Praxis Neumarkt I – Glück ist, wenn man es packt

kulturkritik.ch - Bildmaterial zur Verfügung gestellt

Die Veranstaltung

Was: Praxis Neumarkt I
Wo: Theater am Neumarkt
Wann: 24.01.2014
Bereich: Theater

Der Autor

Christian Felix: Jahrgang 1960, arbeitet seit 2004 selbstständig als Drehbuchautor. Daneben schreibt er Reden, Buchkritiken, Zeitungs-/Magazinartikel, sowie Editorials (www.christianfelix.ch)

Die Kritik

Lektorat: Fabienne Schmuki.

Von Christian Felix, 26.1.2014

Das Theater Neumarkt hat sich zwei Tage lang der Glücksforschung verschrieben. Am Freitag ging die erste Etappe über die Bühne. Zwei mal zwei Gesprächpartner suchten nach dem Glück. Wenn man sich auf eine Suche begibt, tut man das, weil etwas fehlt. Also: Wo ist das Glück auf der Strecke geblieben? – In der industriellen Revolution. Bei dieser Umwälzung jedenfalls landen Gespräche über das menschliche Glück immer wieder, zumal der Journalist Daniel Binswanger zunächst den Wirtschaftswissenschafter Hans Christoph Binswanger befragt. Die industrielle Revolution wird zur (falschen) Metapher einer Art Vertreibung aus dem Paradies.

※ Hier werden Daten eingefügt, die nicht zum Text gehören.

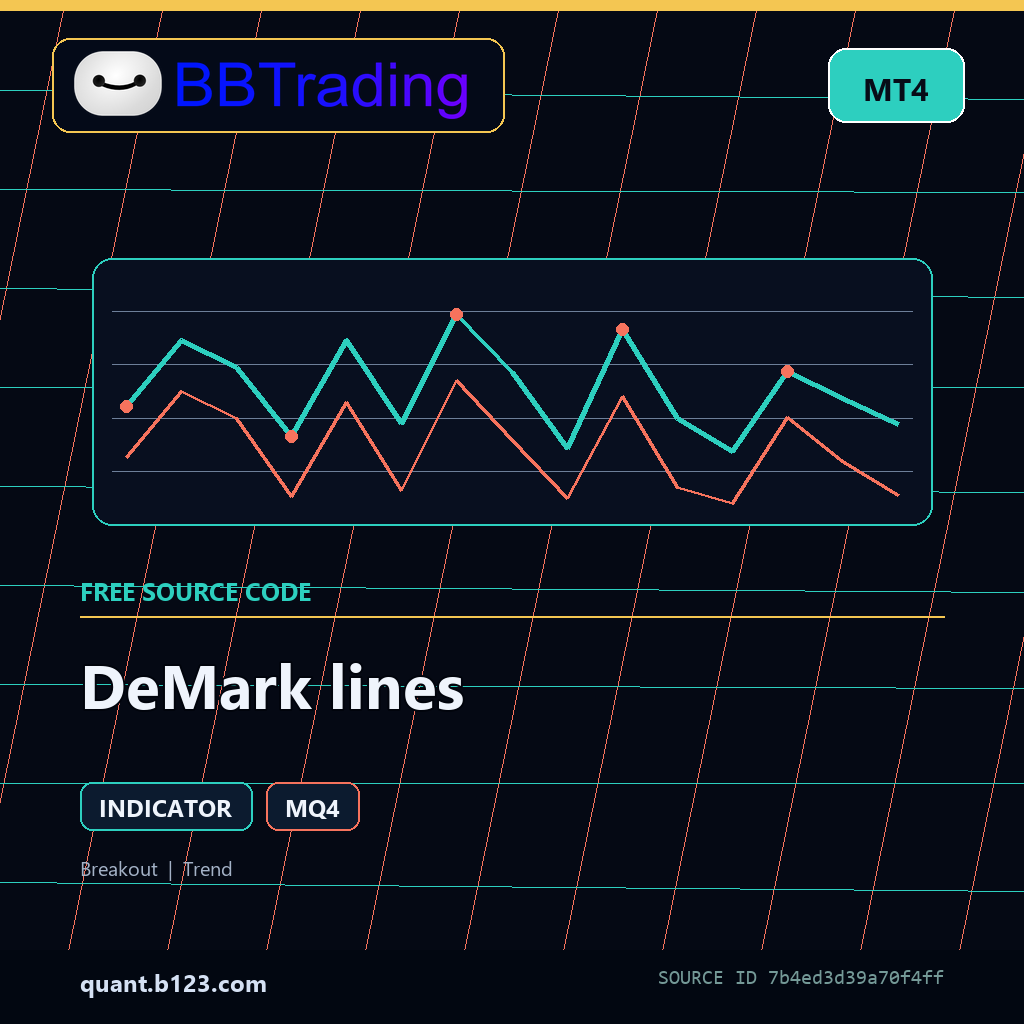 demark-lines-bbtrading-source-cover DeMark lines MT4 indicator source code download cover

Die wirtschaftliche Voraussetzung

Während man dem Gespräch folgt, hat man H.C. Binswangers Definition von Glück vielleicht schon überhört. Er beschreibt Glück als Abwesenheit von Not. Die Wirtschaft habe dabei die Aufgabe, die Menschen ausreichend mit lebensnotwendigen Gütern zu versorgen. Natürlich entsteht so an sich noch kein Glück, aber es wird ermöglicht. Damit ist man auf der Glücksuche soweit gekommen, wie wenn man auf die Frage «Wo liegt das Theater Neumarkt?» antworten würde: «In Eurasien». Im weiteren Verlauf des Gesprächs geht es um Biswangers – bemerkenswerte – wirtschaftliche Hypothesen. Dabei wird immer deutlicher, dass sich die Ökonomie und das Glück doch eher wie Wolf und Schaf zueinander verhalten.

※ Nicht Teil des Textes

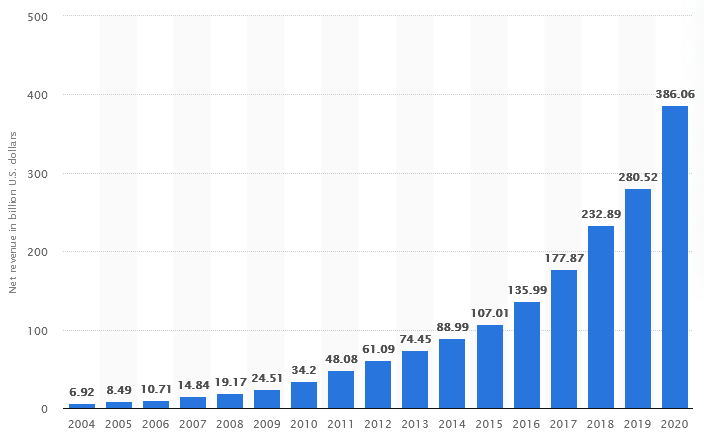 the revenue growth for Amazon since 2004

Das kriegt theoretisch halb Zürich mit. Live. Aus dem Saal twittern Gäste über #PraxisNeumarkt oder über ihre eigenen Konten. Und wer zu dieser Zeit in der Langstrasse zufällig bei Perla-Mode vorbei kommt, sieht die Twitterbeiträge auf einem Bildschirm im Schaufenster. Dieses Experiment will die Mauern des altehrwürdigen Barockgebäudes am Neumarkt sprengen. Das ist Folgerichtig: Mauern und Grenzen gehören sicher zu den ärgsten Feinden des Glücks.

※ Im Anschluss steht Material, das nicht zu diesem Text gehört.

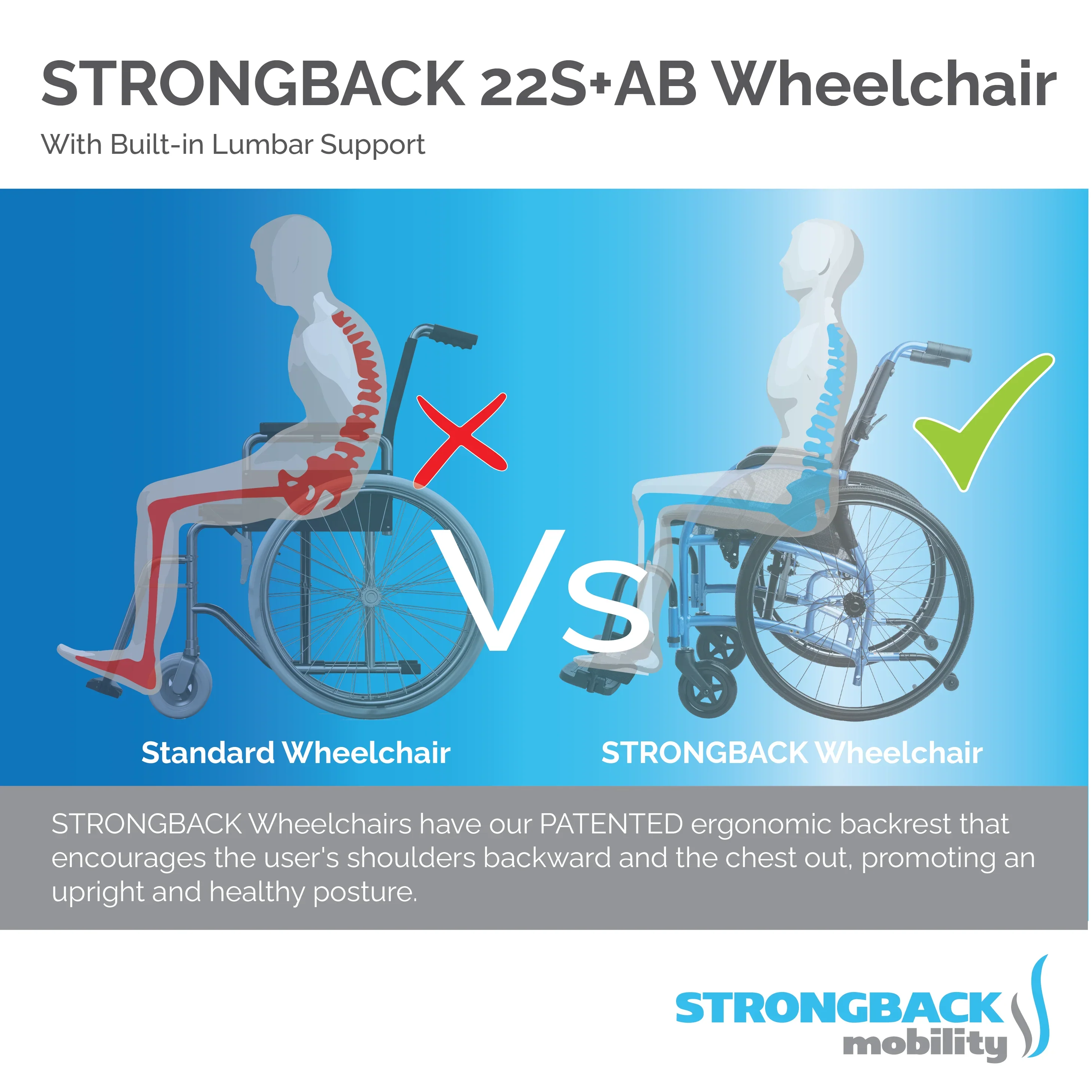 STRONGBACK Comfort Small : 22S+AB Wheelchair - Image 2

Wenn Dieter Meier glücklich ist…

Gerade die Lebenserfahrung des Multitalents Dieter Meier zeigt dies. Sein Gesprächspartner, der Journalist Finn Canonica von «Das Magazin», vermutet sogar, Dieter Meier hätte neben der Musik, der Kunst, dem Weinbau… sogar das Talent zum glücklich sein. Meier widerspricht: «Ich bin nur immer glücklich, wenn ich dich sehe, Finn!» Dabei scheint es allerdnigs so, als ob Dieter Meier den Mann vom Magazin ein wenig zum Narren hielte. Jedenfalls rutscht er auf schmalen Kufen durch das Gespräch. Er gibt einen Heldenopus zum Besten, mit sich selbst als Protagonisten, nimmt sich dabei aber auf die Schippe, so dass er das Publikum mitsamt Twitterati in der Tasche hat. Die Besucher lachen. Dieter Meier macht sie glücklich. Nur diesmal die zwitschernden Gäste nicht. Sie kommen kaum noch nach mit ihren Daumen auf den Handys.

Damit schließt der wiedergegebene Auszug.